> **Exercise prompt**:
Exact copies of the records below are needed, free of pictures.

(Entries taken from a collection)
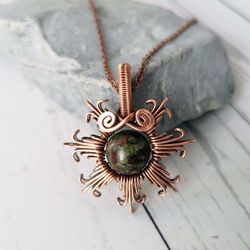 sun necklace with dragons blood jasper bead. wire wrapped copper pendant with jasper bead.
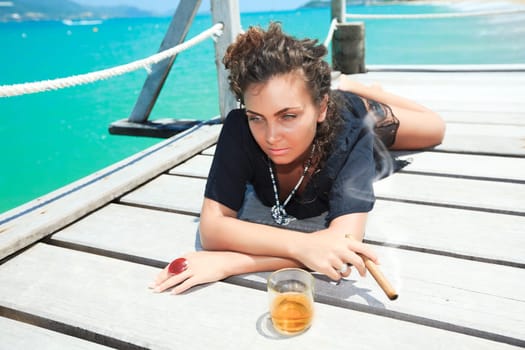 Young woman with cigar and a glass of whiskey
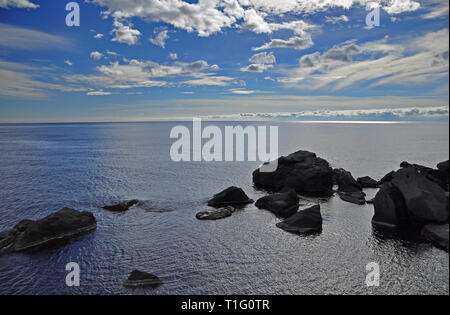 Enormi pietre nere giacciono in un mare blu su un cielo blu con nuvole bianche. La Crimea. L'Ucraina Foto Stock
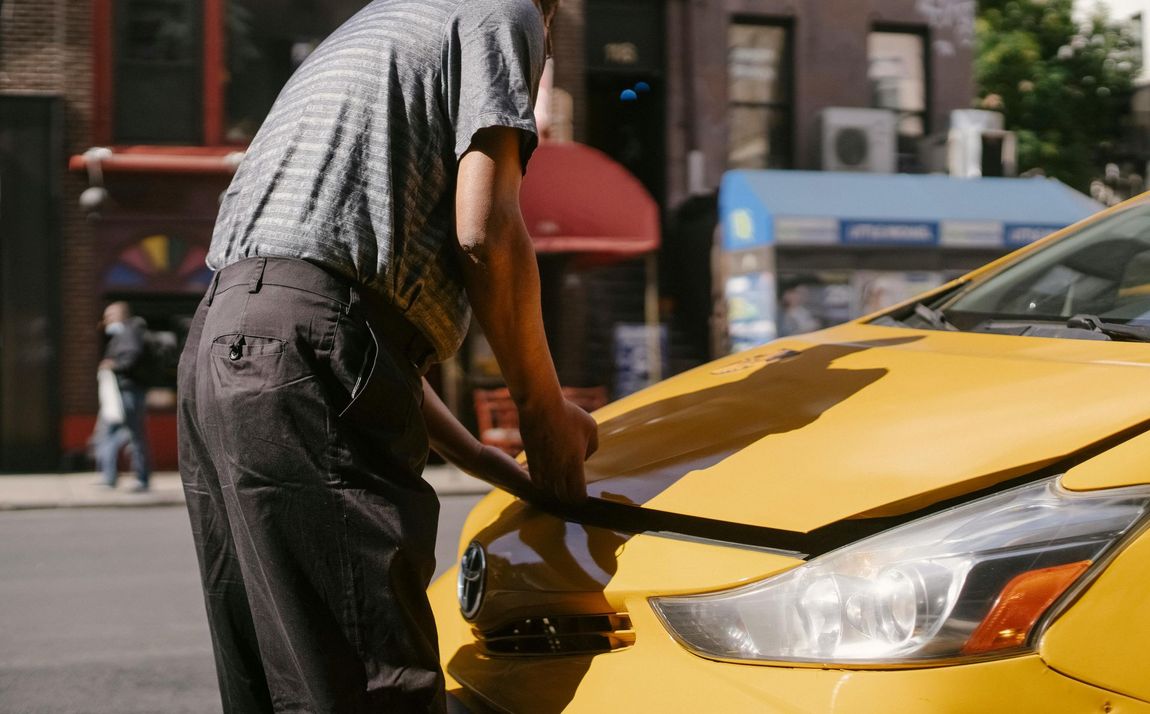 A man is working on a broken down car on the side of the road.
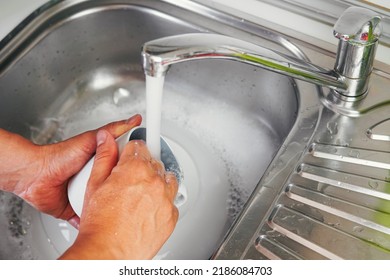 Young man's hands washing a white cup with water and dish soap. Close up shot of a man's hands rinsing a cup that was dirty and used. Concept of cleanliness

> **Written reply**:
 sun necklace with dragons blood jasper bead. wire wrapped copper pendant with jasper bead.
 Young woman with cigar and a glass of whiskey
 Enormi pietre nere giacciono in un mare blu su un cielo blu con nuvole bianche. La Crimea. L'Ucraina Foto Stock
 A man is working on a broken down car on the side of the road.
 Young man's hands washing a white cup with water and dish soap. Close up shot of a man's hands rinsing a cup that was dirty and used. Concept of cleanliness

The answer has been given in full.